Have regional deal negotiations in New Zealand been held in secret because they are likely to have been soundly rejected by a large section of the population, had they been openly debated?

Are they secretive because they are being pushed through by a small group of ultra-conservative individuals and companies - Act and National figures included - who propose a radical reshaping of the political, social and cultural landscape of New Zealand, one region at a time?

A historical timeline of the SEZ proposal in New Zealand suggests as much.

2015: the Atlas-affiliated think tank, The New Zealand Initiative - funded by some of New Zealand’s largest businesses – publishes a document on special economic zones titled ‘In the Zone: Creating a National Toolbox for Prosperity’, written by Eric Crampton and Khyaati Acharya.

The foreword is written by Local Government Chief Executive, Malcolm Alexander (recently appointed as government negotiator for the Queenstown-Central Otago regional deal).

2017: The National Government considers nominating the South Island’s mineral-rich West Coast region a SEZ. Malcolm Alexander is now strongly pushing the idea, while environmental leaders Kevin Hague and Gary Taylor warn it is a crude attempt to circumvent RMA regulations protecting the environment.

National’s plans are put on hold after a Labour win in the 2017 election.

2023: Re-elected, the National-led Coalition Government announce SEZs are firmly back on the agenda, and propose fast-track regulation to rapidly advance previous plans.

2025: Special economic zones appear to have been hidden within a ‘City and Regional Deal’ initiative, announced by the Coalition Government, who invite mayors to nominate up to five projects they consider would unlock economic growth in their region, via ‘light-touch regulation’.

Eighteen New Zealand regions submit proposals.
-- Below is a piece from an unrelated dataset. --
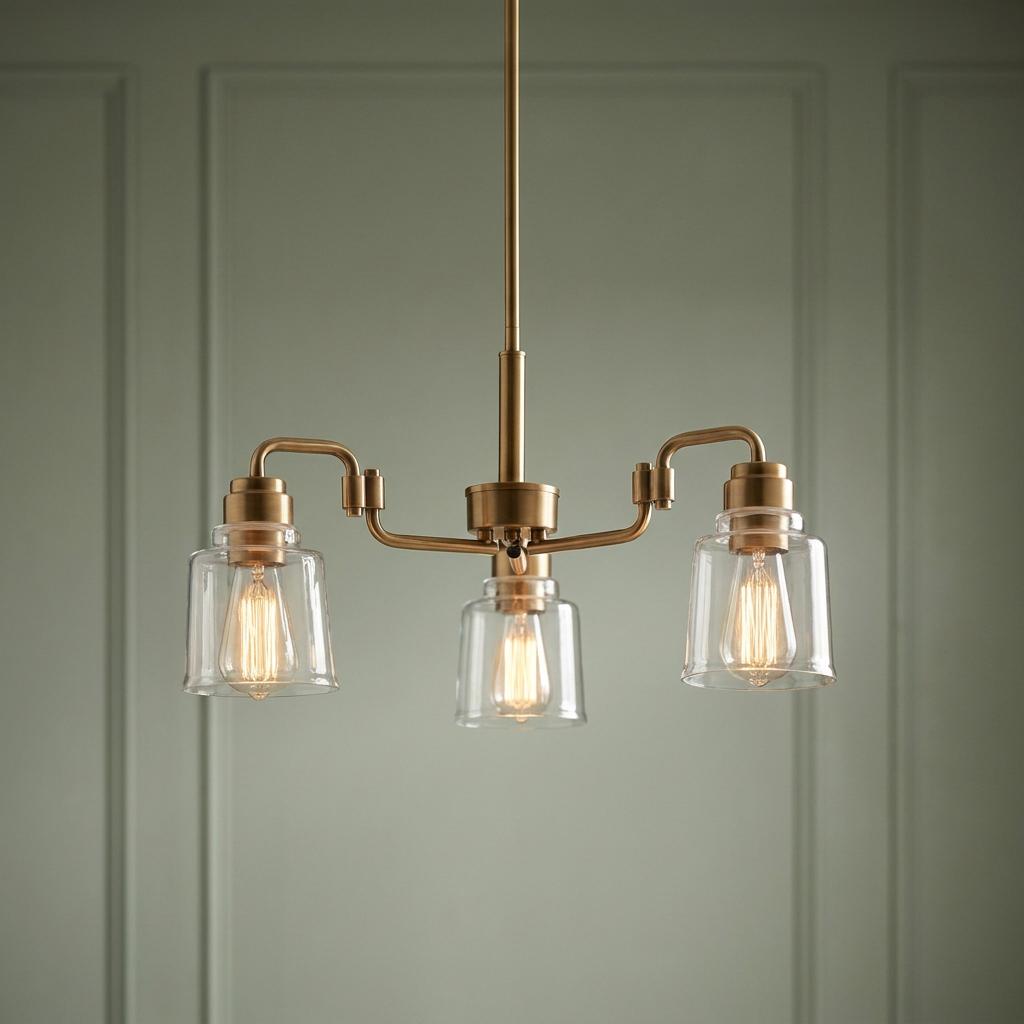 Kichler Avian three-light brass chandelier with clear glass shades and Edison bulbs against a green paneled wall.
Three - who possibly already have an understanding with Government - are chosen to sign memoranda of understanding with Central Government – Auckland, the Western Bay of Plenty and Queenstown-Central Otago. Their proposals may serve as prototypes for other regions, giving them less input into their own deals.

National Party ex-chief of staff Wayne Eagleson is announced as Central Government’s negotiator for Auckland, ex-National Party cabinet minister Steven Joyce for Western Bay of Plenty and Malcolm Alexander for Queenstown-Central Otago

Negotiations begin between mayors and Central Government, with plans to announce the first regional deal in 2025, the other two in 2026.

A local newspaper article of 21 February, 2025, describes the Queenstown Lakes and Central Otago’s bid to be put to the Queenstown Lakes District Council for approval, before it goes to Central Government for assessment in the bid process.

In a ‘Leverage the visitor economy to boost economic growth’ section, the draft bid mentions the two councils are considering ‘potentially creating’ a special economic zone in the area. This is firmed in an ‘Electrify Otago Central Lakes’ section, which mentions it plans to apply for a special economic zone to pioneer energy innovation in the region.

Why so secretive? Overseas experience suggests a likely answer:

The Canadian experience: Journalist Anushka Yadav relates that when Canadian politician Doug Ford (on the right side of the political spectrum) pushed through an Economic Zones Act for Ontario earlier in 2025, it was met with strong opposition from indigenous communities, legal experts, civil society organisations and environmental groups.

Local communities were concerned that the Ford Government was prepared to tolerate a reduction in environmental, labour and social protections, while global research was already indicating outcomes for residents were likely to be poor.

The UK Experience: English journalists George Monbiot and Ann Moody have reported that cronyism increased markedly after special economic zones were introduced in the UK.

They also noted that SEZs have dubiously included areas rich in natural beauty and mineral deposits: ‘What first attracted you to Britain’s mineral rich national parks?’ Moody asks with irony.

Moody claims special economic zones are ‘particularly attractive to a brand of right-wing libertarian thinking, which is globally represented by an affiliated group of powerful think tanks known as the Atlas Network’.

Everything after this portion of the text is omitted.